Hikayat Simsim (حكايات سمسم) is the Jordanian co-production of Sesame Street, which began airing in 2003. It is co-produced by Sesame Workshop and Jordan Pioneers, an Amman-based company.

== History ==
Twenty-six episodes of Hikayat Simsim were initially produced, which began airing in Jordan in October 2003 on Jordan Television, Jordan's public television station. A second season was in production by late 2005 and debuted in January 2007, later followed by a third and fourth season.

A community outreach initiative supplemented the television series.

The project is funded in large part by project partners, including the United States Agency for International Development (USAID), the Bank of Jordan, and ArtVenture.

== Content ==
The program was created, written, and produced by local educators and television professionals.

The show combined segments featuring Muppet characters with animation and live action pieces, which introduced Jordanian children to positive images of themselves and others.

=== Messaging ===
Hikayat Simsim focuses on subjects such as literacy, numeracy, health and hygiene, national identity, needs of Iraqi refugee children, mutual respect, and tolerance. In 2010 the production began incorporating messaging regarding road safety after joining the Global Road Safety Partnership.

== Characters ==
The main Muppet characters in the Jordanian production are Juljul and Tonton.
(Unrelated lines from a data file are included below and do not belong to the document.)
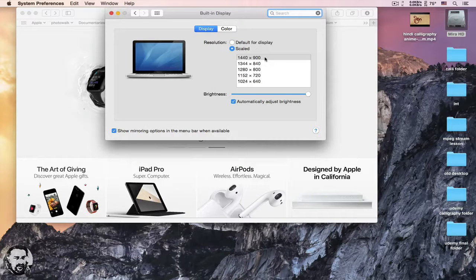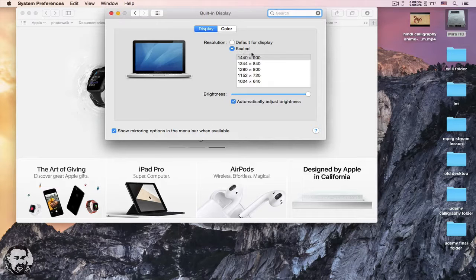This is the display sizes available for my MacBook Pro. For your iMac, you might have higher display size. But none of these are HD frame size.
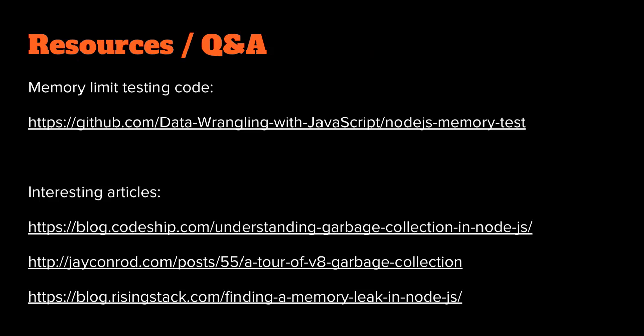Well, that's it. There's some links here to code. First link is the memory limit testing code, so you can grab that if you want and you can try this for yourself. See if you get the same sort of results that I do. And you can read to learn more about memory and Node.js and garbage collection. Thanks for listening.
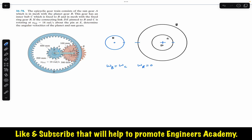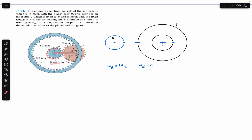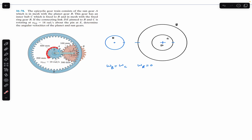The ring gear is fixed, so its angular velocity is zero. It is further stated that the connecting link DE, pinned to B and C, is rotating at an angular velocity of 18 radians per second in the counterclockwise direction. We are required to determine the angular velocity of the planet gear B and the sun gear A — that is, find omega A and omega B.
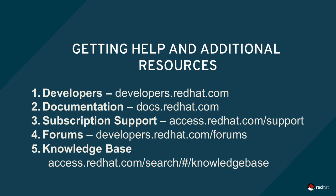For details on these and other advanced topics, be sure to visit developers.redhat.com where you'll also find community forums. Documentation for all of Red Hat's products are at docs.redhat.com, and subscribers can access a wealth of knowledge from Red Hat's knowledge base. I hope you enjoyed this screencast, and we'll see you next time.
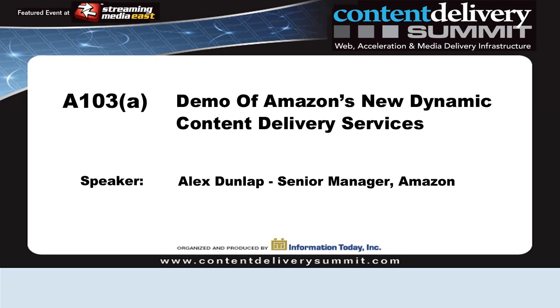My name is Alex Dunlap. I work for Amazon Web Services. I was talking to Dan this morning. He mentioned that there was a cancellation for the speaker who was supposed to present in this slot, so I offered to do a quick demo of the dynamic content support in Amazon CloudFront, which many of you probably heard Tal Seraf talk about during the keynote this morning.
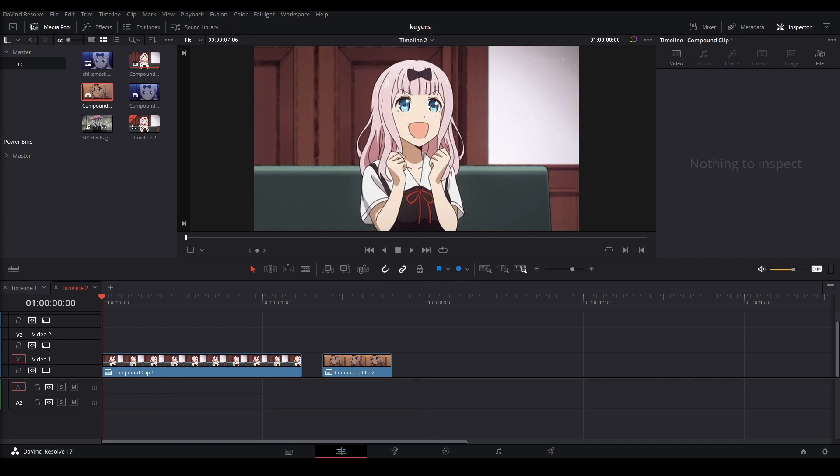Hi my name is Peej, let me not waste your time. Today I'll be showing you what keyers are, how to use them in DaVinci Resolve, and how I use them in my workflow.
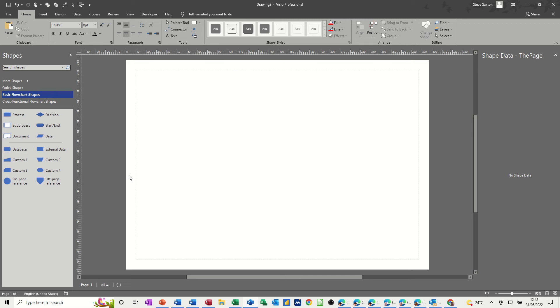Hi guys, welcome to this session on Microsoft Visio. In this module I want to show you how you can create your own customized reports based on your own customized shape data.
Tonton is a 4-year-old girl who loves soccer and furthers the show's message of girls' empowerment, while Juljul teaches children about computer literacy. Issa Sweidan played the production's grandfather figure, Jiddo Simsim who is also the series' equivalent of Big Bird. This is the only known co-production of Sesame Street to have a live human as the Big Bird counterpart rather than a muppet.

== In other media ==
Tonton was used in early pitches for Ahlan Simsim and made a special appearance in one episode of the show. She was also used for outreach programs for Syrian refugees starting in 2016.